Forecasters were predicting a partly cloudy and still chilly early spring day here in Hagerstown. As I looked through the window, I saw a pretty blue morning sky.
I don’t know what the weather was like on Feb. 24 when Russian troops crossed into Ukraine. At the very least, there were virtual clouds darkening the day and the troubles that have since continued.
Putin recognized two Russian-backed regions in East Ukraine as independent states. He later ordered troops into the regions to “maintain peace.” What a guy.
A United States spokesperson reported that Russia had between 169,000 and 190,000 personnel in and around Ukraine, according to bbc.com.

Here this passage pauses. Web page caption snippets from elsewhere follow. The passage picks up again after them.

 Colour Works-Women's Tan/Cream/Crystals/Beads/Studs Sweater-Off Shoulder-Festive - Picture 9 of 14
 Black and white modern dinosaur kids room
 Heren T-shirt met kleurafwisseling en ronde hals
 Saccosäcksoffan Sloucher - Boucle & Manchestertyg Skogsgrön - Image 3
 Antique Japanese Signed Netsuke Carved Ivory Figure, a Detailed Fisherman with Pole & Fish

The United Nations human rights office reported that there have been at least 2,909 civilian casualties, including 1,119 deaths and 1,790 injuries. “At least 50 children have been killed and 70 injured,” according to the hill.com.

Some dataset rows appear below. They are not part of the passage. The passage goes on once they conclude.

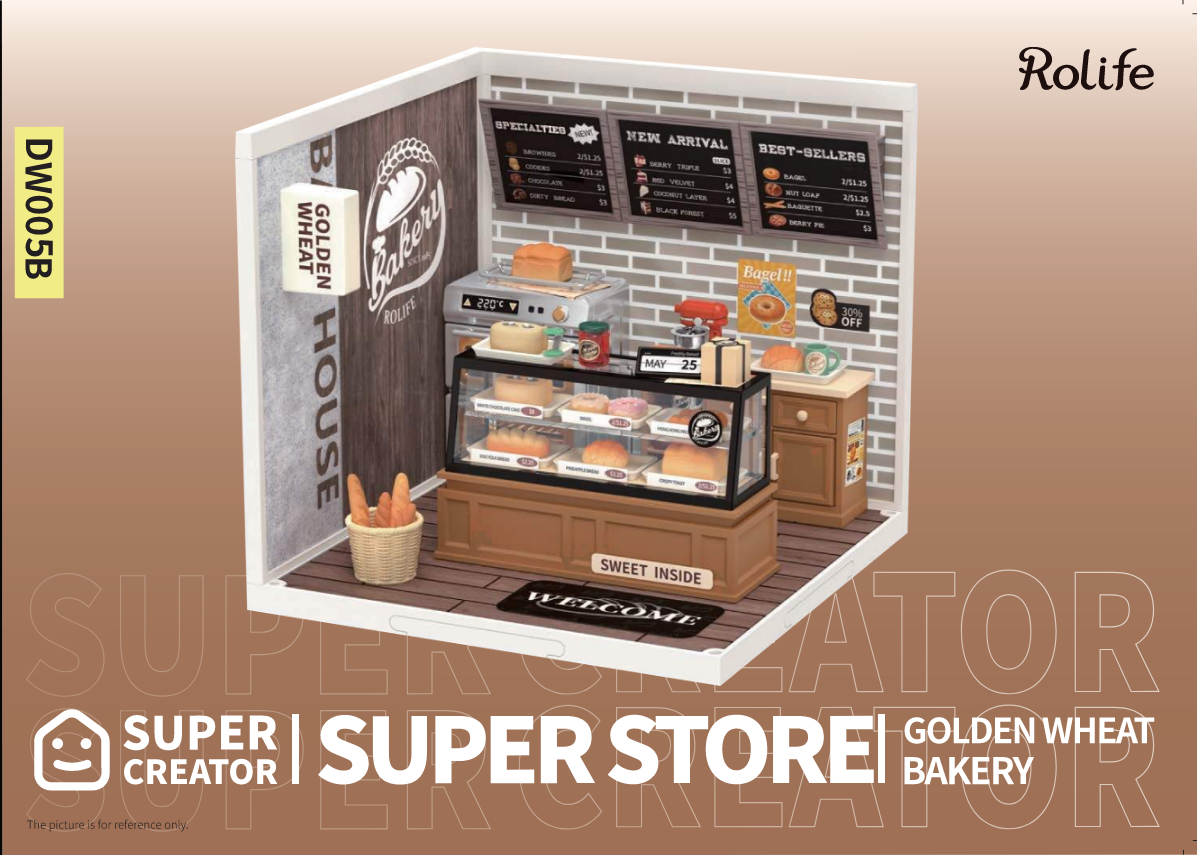 DW005 - Golden Wheat Bakery | Rolife Super Creator DIY Stackable Dollhouse Manual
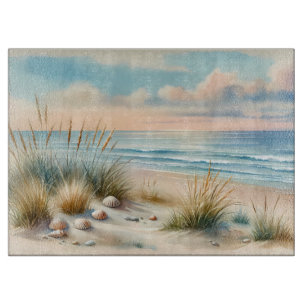 Planche À Découper Dunes côtières pastel à l'aquarelle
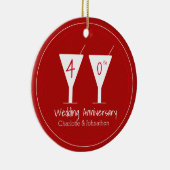 40. Ruby Wedding Anniversary Cocktail Design Keramik Ornament (Rechts)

These numbers will most likely increase before you read this in the paper.
Early in the conflict, I heard NPR report that an older man sought refuge in the underground. He held his shaking white dog on his lap. A family fleeing in their car were accompanied by their audibly meowing cat. In an interview, an elderly woman told the reporter that she had taken in seven frightened cats, and that there were twice the usual number of apparently abandoned dogs running around the streets of her town.
While in Brussels for a recent meeting with European leaders, President Biden announced more than $1 billion in humanitarian assistance for those affected by the war. He also announced that the United States will accept 100,000 refugees.
I don’t watch television news because I can’t bear to see the people who are struggling so unimaginably. I hate that I can personally offer only hope and prayers. They are on their way.